- **Provided entries**
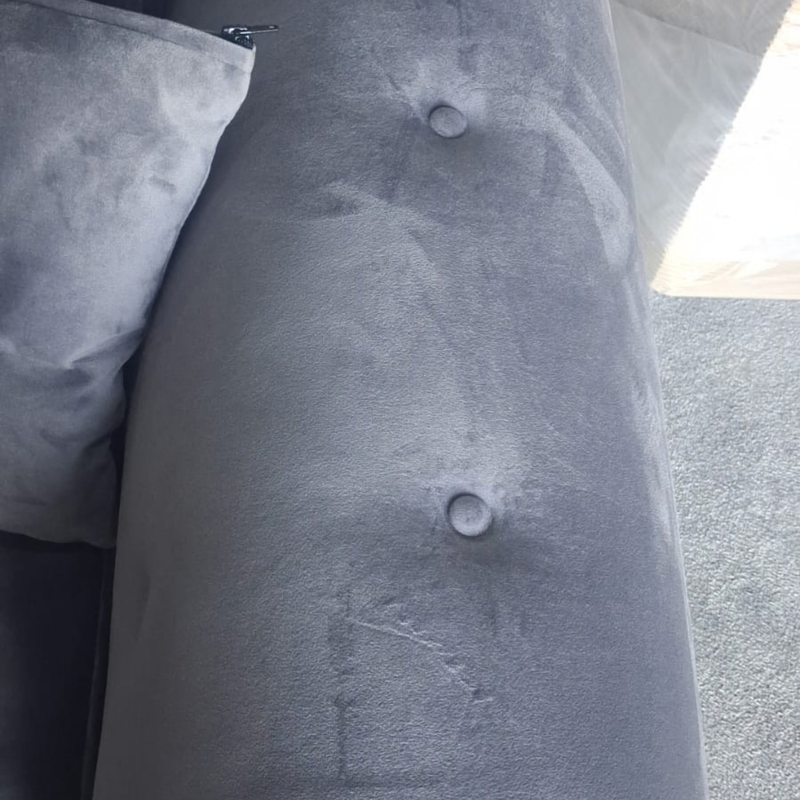 Close-up of a gray velvet upholstered furniture piece, showing a button-tufted surface and part of a matching cushion.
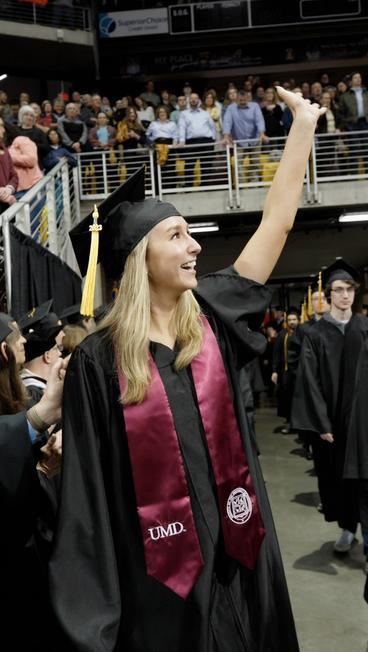 Amanda Fowler waving at family during commencement 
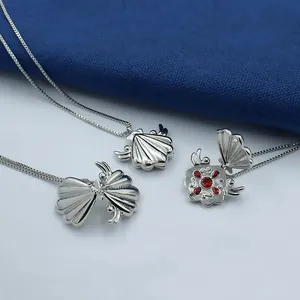 Anime-inspired silver shell locket necklace with red stones and wing details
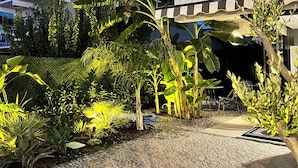 A courtyard with a paved area, a decorative stone pattern, and various tropical plants. - Villa Lui Hotel Alaçatı (Cesme)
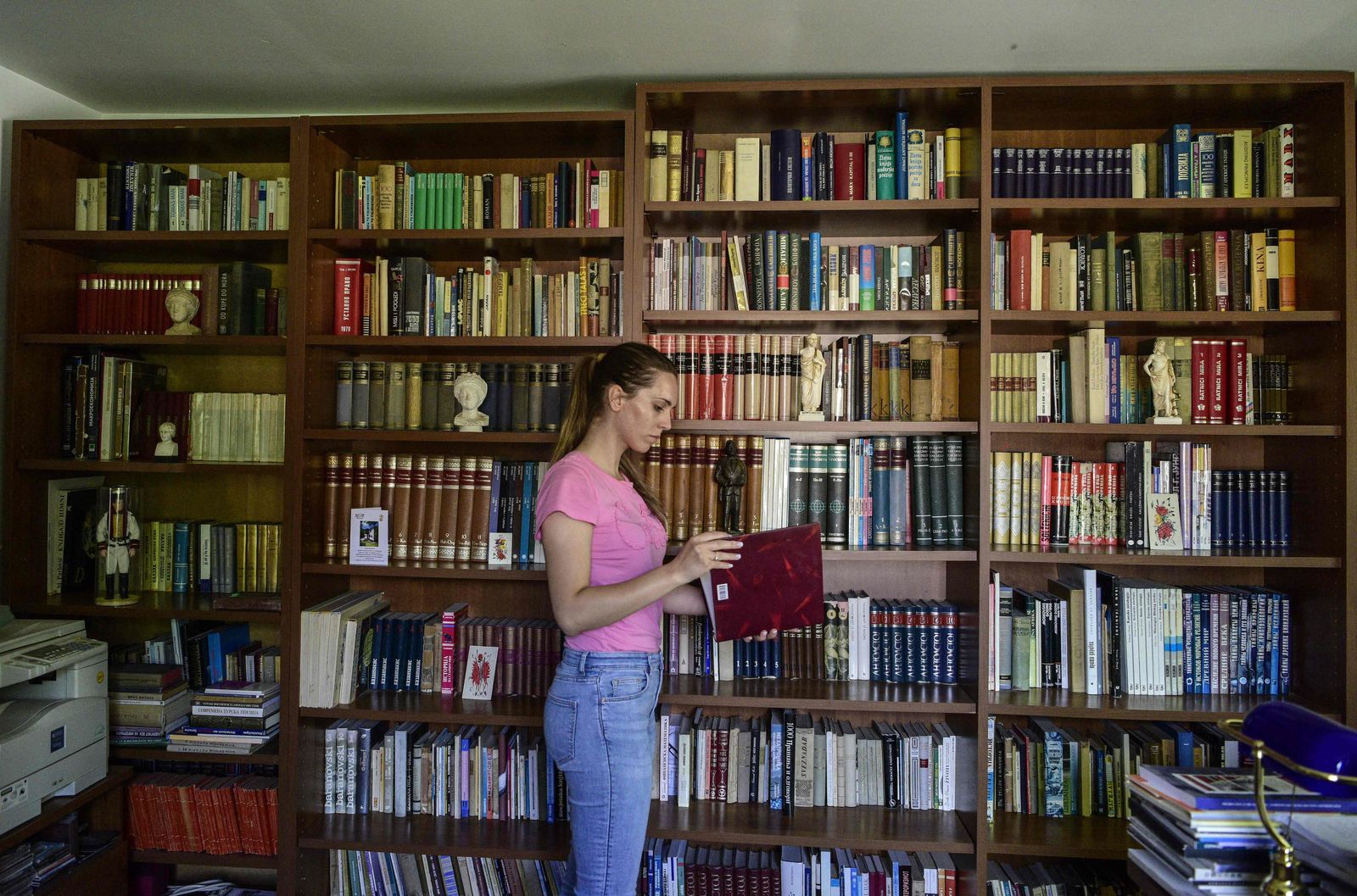 In this photograph taken on July 11, 2022, a visitor looks through a volume in the library of Stevo Stepanovski in the village of Babino in western Macedonia - Most people packed up and left the remote North Macedonia village of Babino years ago. But Stevo Stepanovski and his remarkable collection of 20,000 books passed down in his family from generation to generation stayed put in his almost abandoned valley. The library began with Stepanovski's great-grandfather who was given his first tranche of books by passing Ottoman soldiers in the late 19th century. (Photo by Robert ATANASOVSKI / AFP) - AFP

- **Aim of the exercise**
An exact reprint of the records above is required, with all pictures left out.

- **Answer section**
 Close-up of a gray velvet upholstered furniture piece, showing a button-tufted surface and part of a matching cushion.
 Amanda Fowler waving at family during commencement 
 Anime-inspired silver shell locket necklace with red stones and wing details
 A courtyard with a paved area, a decorative stone pattern, and various tropical plants. - Villa Lui Hotel Alaçatı (Cesme)
 In this photograph taken on July 11, 2022, a visitor looks through a volume in the library of Stevo Stepanovski in the village of Babino in western Macedonia - Most people packed up and left the remote North Macedonia village of Babino years ago. But Stevo Stepanovski and his remarkable collection of 20,000 books passed down in his family from generation to generation stayed put in his almost abandoned valley. The library began with Stepanovski's great-grandfather who was given his first tranche of books by passing Ottoman soldiers in the late 19th century. (Photo by Robert ATANASOVSKI / AFP) - AFP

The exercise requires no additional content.